Pemain yang datang, pergi, dan kembali lagi juga selalu mengingat Ultras. Ketika saya mengobrol dengan Coach Sasi Kirono yang dulu juga membela Petrokimia Putra, beliau sempat bercerita sedikit tentang awal mula Ultras. “Dulu jaman saya main di Petro, Ultras itu paling cuma 20an orang nggak sampai. Itu segelintir orang aja duduk di tribun situ,” ujarnya sambil menunjuk Sektor 3 yang dimaksud.
Cintanya tulus untuk tim. Mereka mencintai tim dengan cara yang sederhana. Kehadirannya hampir di setiap pertandingan, baik di Gresik, maupun di kandang lawan. Nyanyiannya sepanjang pertandingan. Koreografinya yang tak lepas dari gambaran semangat mereka untuk tim.
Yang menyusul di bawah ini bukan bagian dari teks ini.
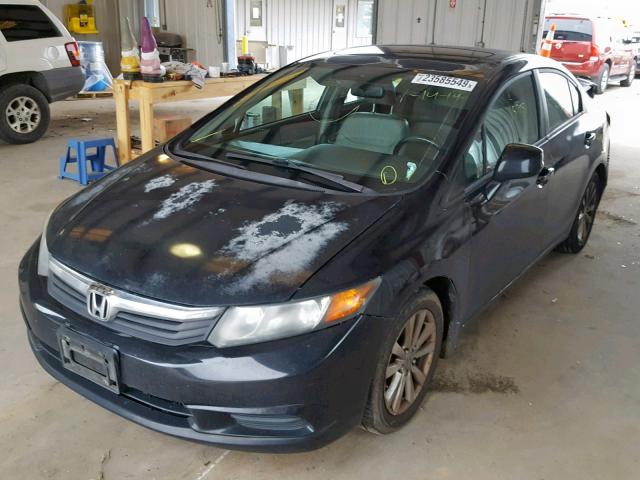 2HGFB2F90CH577389 - 2012 HONDA CIVIC EXL BLACK photo 2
Hingga tulisan-tulisan dan lukisan pada spanduk maupun bendera yang mereka tampilkan. Bagaimana mungkin tak jatuh cinta dengan Ultras?
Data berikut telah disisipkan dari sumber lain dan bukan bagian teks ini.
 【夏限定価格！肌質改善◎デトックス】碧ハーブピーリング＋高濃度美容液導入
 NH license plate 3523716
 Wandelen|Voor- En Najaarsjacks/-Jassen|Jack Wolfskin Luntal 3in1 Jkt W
Suporter dan tim itu bagai sepasang kekasih. Cinta mereka tak lekang oleh waktu. Takkan habis dimakan usia. Dan cinta mereka tak pernah kenal usia. Mulai dari anak-anak hingga kakek nenek pun banyak yang menjadi anggota Ultras. Toleransi mereka terhadap sesama suporter juga tak perlu diragukan. Jumat malam lalu sempat bertemu dengan salah seorang anggota Ultras sepulang dari menonton pertandingan Madura United dengan Persegres GU, teman saya menyapanya dan bertanya kenapa dia naik motor sendirian. Kemudian lelaki ini menjawab, “Iya, soalnya tadi ada cewek naik motor sendirian. Kasihan. Jadi motornya saya bawa, dia biar naik bis aja.”
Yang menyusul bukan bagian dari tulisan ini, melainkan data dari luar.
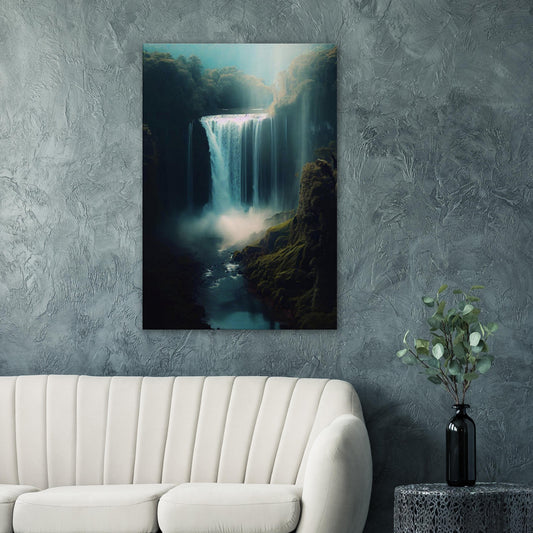 Enchanting Forest Waterfall Wall Art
Ultras mencintai tim dengan cara-caranya sendiri. Menjadi diri sendiri, jati diri Ultras itu sendiri. Jika cinta diukur dari pengorbanan, kehadiran, kesetiaan, kedewasaan, atau bahkan hadiah yang mampu diberikan, Ultras sudah cukup memenuhi segala syarat itu. Sudah cukup telak. Usianya pun tahun ini genap 17 tahun. Mereka tak perlu membuat Surat Ijin Mencintai (SIM) tim. Tujuh belas tahun menjadi usia yang matang bagi kedewasaan manusia, namun Ultras sudah cukup matang seiring perkembangan usianya. Menjadi percontohan suporter yang selalu cinta damai. Lalu, Nikmat-Nya mana lagi yang mau kau dustakan ketika dicintai oleh Ultras?